From mboxrd@z Thu Jan  1 00:00:00 1970
From: Jeremy Kerr <jeremy.kerr@canonical.com>
Date: Thu, 16 Sep 2010 08:19:24 +0000
Subject: Re: [PATCH 0/3] Common struct clk implementation, v7
Message-Id: <1284625164.3350.62.camel@pororo>
List-Id: <linux-sh.vger.kernel.org>
References: <1284522014.516876.675872472687.0.gpush@pororo>
	<AANLkTim++mNF=KDabCBCk=jDxbwNFWu=hrDQq=UWR=yM@mail.gmail.com>
In-Reply-To: <AANLkTim++mNF=KDabCBCk=jDxbwNFWu=hrDQq=UWR=yM@mail.gmail.com>
MIME-Version: 1.0
Content-Type: text/plain; charset="us-ascii"
Content-Transfer-Encoding: 7bit
To: linux-arm-kernel@lists.infradead.org

Hi Colin,

> Having just finished implementing the clock tree support on Tegra, I
> have a few concerns about these patches, and how they relate to the
> clk api.
> 
Thanks for taking a look through the patches - I'm definitely keen to
hear more from those doing implementations of either clock API.

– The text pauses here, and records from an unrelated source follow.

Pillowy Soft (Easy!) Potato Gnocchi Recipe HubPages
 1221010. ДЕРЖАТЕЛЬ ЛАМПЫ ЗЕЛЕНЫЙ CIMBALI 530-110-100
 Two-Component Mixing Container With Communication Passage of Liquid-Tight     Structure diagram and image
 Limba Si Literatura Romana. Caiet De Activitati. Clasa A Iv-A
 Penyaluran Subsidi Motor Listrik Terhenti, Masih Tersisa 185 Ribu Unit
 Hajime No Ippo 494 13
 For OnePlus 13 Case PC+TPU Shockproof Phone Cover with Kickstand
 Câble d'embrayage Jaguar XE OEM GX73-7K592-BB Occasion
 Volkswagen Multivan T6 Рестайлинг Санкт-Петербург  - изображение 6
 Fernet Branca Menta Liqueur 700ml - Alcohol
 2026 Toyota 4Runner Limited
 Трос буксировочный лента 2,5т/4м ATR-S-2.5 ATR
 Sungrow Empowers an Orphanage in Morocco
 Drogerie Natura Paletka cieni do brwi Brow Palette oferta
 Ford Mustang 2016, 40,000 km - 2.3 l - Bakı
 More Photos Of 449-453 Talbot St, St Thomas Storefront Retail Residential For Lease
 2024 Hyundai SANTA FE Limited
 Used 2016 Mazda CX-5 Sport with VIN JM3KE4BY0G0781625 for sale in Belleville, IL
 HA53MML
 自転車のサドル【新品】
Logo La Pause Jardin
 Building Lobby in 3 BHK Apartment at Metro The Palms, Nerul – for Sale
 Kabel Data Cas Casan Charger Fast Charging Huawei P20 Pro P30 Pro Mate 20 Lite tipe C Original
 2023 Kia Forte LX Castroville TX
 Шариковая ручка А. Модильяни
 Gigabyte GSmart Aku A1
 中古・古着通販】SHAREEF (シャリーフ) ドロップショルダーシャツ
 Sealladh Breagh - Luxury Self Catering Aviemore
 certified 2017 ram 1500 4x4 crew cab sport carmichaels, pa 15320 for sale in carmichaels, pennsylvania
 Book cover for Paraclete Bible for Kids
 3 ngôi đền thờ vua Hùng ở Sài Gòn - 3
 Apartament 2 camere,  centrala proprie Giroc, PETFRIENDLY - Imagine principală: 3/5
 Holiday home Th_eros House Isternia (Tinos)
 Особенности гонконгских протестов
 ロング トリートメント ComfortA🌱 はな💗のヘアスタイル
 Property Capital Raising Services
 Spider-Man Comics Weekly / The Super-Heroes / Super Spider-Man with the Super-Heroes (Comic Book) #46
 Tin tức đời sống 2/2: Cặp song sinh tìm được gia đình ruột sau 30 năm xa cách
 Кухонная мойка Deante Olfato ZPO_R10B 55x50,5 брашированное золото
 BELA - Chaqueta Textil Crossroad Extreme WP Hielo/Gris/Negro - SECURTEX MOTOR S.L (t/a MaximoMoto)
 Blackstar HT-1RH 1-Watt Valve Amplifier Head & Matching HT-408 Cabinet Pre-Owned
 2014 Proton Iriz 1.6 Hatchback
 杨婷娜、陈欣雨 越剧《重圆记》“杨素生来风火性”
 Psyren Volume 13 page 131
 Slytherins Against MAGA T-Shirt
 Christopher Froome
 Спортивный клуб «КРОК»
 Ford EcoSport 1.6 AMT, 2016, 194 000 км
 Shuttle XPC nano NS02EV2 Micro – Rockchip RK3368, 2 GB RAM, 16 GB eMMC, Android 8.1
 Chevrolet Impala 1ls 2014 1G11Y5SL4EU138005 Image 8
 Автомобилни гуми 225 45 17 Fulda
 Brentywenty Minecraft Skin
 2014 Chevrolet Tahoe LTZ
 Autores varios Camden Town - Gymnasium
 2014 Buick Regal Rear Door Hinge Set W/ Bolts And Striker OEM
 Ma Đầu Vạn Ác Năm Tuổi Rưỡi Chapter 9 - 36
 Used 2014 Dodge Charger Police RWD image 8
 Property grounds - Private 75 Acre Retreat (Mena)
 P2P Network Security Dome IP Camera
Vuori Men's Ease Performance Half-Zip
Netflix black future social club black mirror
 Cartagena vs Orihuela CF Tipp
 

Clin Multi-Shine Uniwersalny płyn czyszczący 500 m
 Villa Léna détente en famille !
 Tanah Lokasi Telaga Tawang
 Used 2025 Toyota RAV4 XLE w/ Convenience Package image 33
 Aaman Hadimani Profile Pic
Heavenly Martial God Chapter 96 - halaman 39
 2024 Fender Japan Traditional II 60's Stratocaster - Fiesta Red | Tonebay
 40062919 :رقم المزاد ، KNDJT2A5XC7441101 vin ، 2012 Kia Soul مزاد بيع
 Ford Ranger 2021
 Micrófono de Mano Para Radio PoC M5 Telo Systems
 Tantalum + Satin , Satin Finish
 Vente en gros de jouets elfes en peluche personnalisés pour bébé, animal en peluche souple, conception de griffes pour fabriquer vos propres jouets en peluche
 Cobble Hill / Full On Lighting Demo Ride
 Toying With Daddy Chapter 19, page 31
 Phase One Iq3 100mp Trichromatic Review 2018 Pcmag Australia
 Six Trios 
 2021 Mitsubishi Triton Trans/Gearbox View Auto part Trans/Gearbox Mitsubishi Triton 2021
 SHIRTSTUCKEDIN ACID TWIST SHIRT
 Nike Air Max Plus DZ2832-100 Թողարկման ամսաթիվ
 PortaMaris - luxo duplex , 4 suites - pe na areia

> On the spinlock vs. mutex issue (I know, it's been beaten to death).

I wouldn't say beaten to death, I just haven't heard a good case for the
atomic lock option yet (well, until your email..) :)

> The clk api does not specify whether or not implementations can sleep.
>  In fact, it explicitly states that clk_get and clk_put can't be
> called from atomic context, but does not say anything about the rest
> of the api, which vaguely implies that they can be called from atomic
> context.

At present, clk_enable and clk_disable can only be called from
non-atomic contexts.

All other operations can be called from atomic contexts, *provided that*
the underlying clock implementation does not block. I'm not planning to
enforce any rules about the implementations, so this will probably stay
as an "it depends".

> There are situations in which a non-sleeping clk api is useful, if not
> necessary.  On msm with a smart panel, the vsync is connected to a
> gpio, and the vsync interrupt enables the dma controller clock is to
> start the dma of the framebuffer to the display block.  A similar
> problem can happen in dma audio, where a low watermark interrupt from
> the audio block needs to trigger dma to refill the buffer.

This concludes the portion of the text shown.